Eu já escrevi neste espaço que não sinto nenhuma alegria, não senti nem mesmo vontade de comemorar a condenação de Daniel Alves, quando anunciada pela Justiça da Espanha, no caso de estupro de uma mulher em uma boate naquele país. Sinto profunda tristeza pelo fato de alguém com a trajetória como a de Daniel, de superação da pobreza extrema, da chegada à Seleção brasileira, da conquista de tantos títulos no futebol e inspiração para meninos e meninas, tenha cometido um crime tão perverso como este e tenha tentado escapar da condenação mentindo e mudando sua versão sobre os fatos pelo menos cinco vezes.
Dito isto, é preciso ler de maneira muito séria, e sob a perspectiva de combate à violência contra as mulheres, a nova decisão sobre o caso anunciada pela Justiça da Espanha nesta quarta-feira (20). Para quem não acompanhou: Daniel será solto (liberdade provisória) mediante pagamento de fiança de um milhão de euros. Ele precisará cumprir regras estabelecidas pela Justiça, como não se comunicar com a vítima por qualquer meio ou procedimento e comparecer semanalmente ao Tribunal Provincial, além da retenção dos passaportes e da proibição de deixar a Espanha.

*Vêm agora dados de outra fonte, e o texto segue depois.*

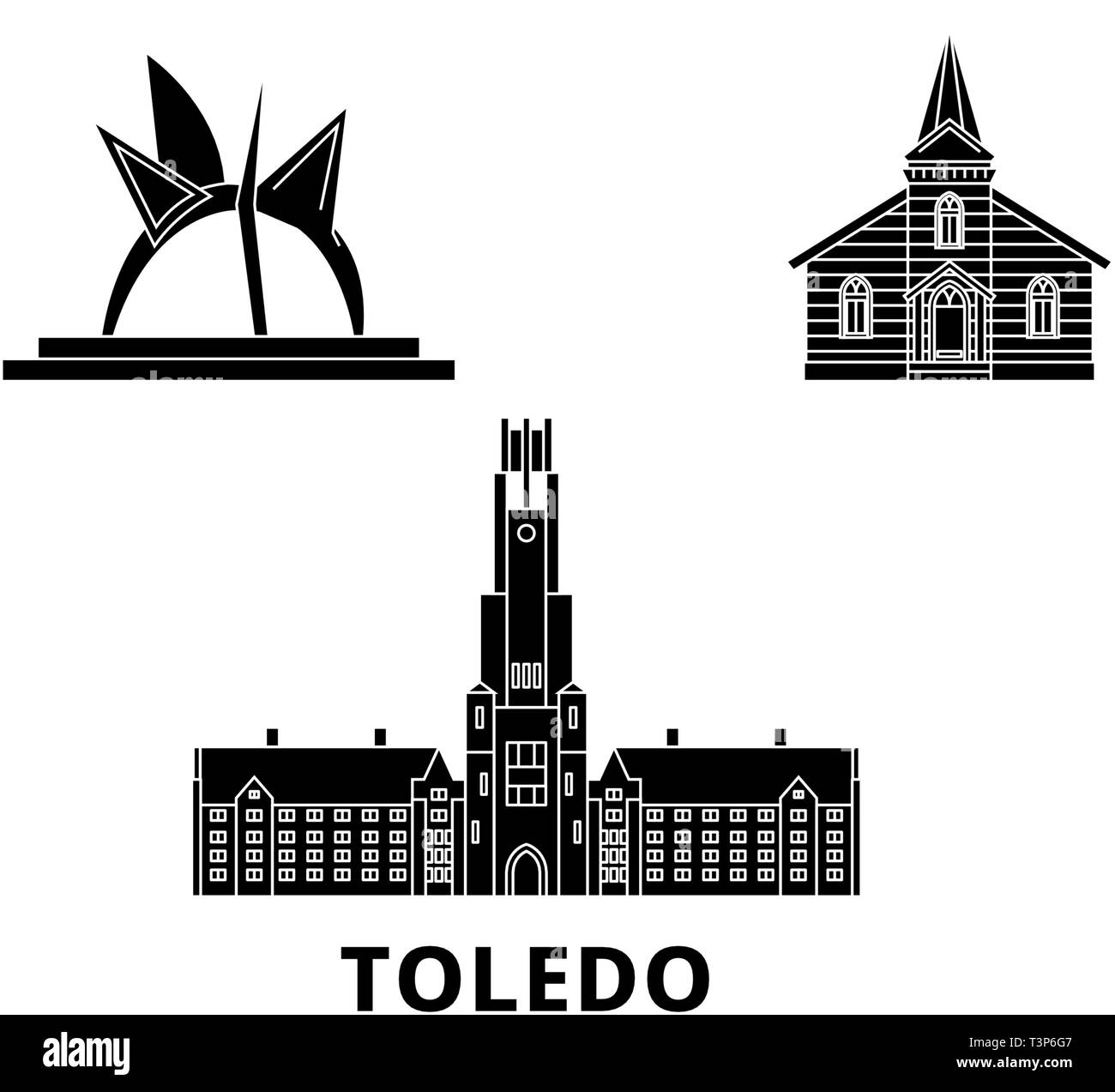 United States, Toledo flat travel skyline set. United States, Toledo black city vector illustration, symbol, travel sights, landmarks. Stock Vector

O ponto central desta decisão é o recado que ela dá à sociedade, na direção absolutamente contrária ao que defendemos como fundamental para coibir crimes de violência contra a mulher. Ao liberar Daniel, a mensagem que fica é de que um homem pode, sim, cometer crime de violência, abuso, estupro, deixar marcas na vítima, traumatizá-la, violentá-la. Basta que tenha dinheiro para que seja liberado e possa retomar sua trajetória na sociedade.
Se você for rico, portanto, fique à vontade. Não se intimide por leis, por regras, por eventuais recados que peçam respeito.
Não é não? Bem, se você é rico, ou não talvez nem seja tanto assim. O seu dinheiro te coloca superior aos demais.
Agora se você é mulher, opa, recolha-se ao seu devido lugar. Você poderá ser violentada, abusada, sentir dores, será exposta. Mas aí se vire. De um jeito. Recomponha-se.
A você, mulher, o trauma.
Ao estuprador, seja bem-vindo de volta.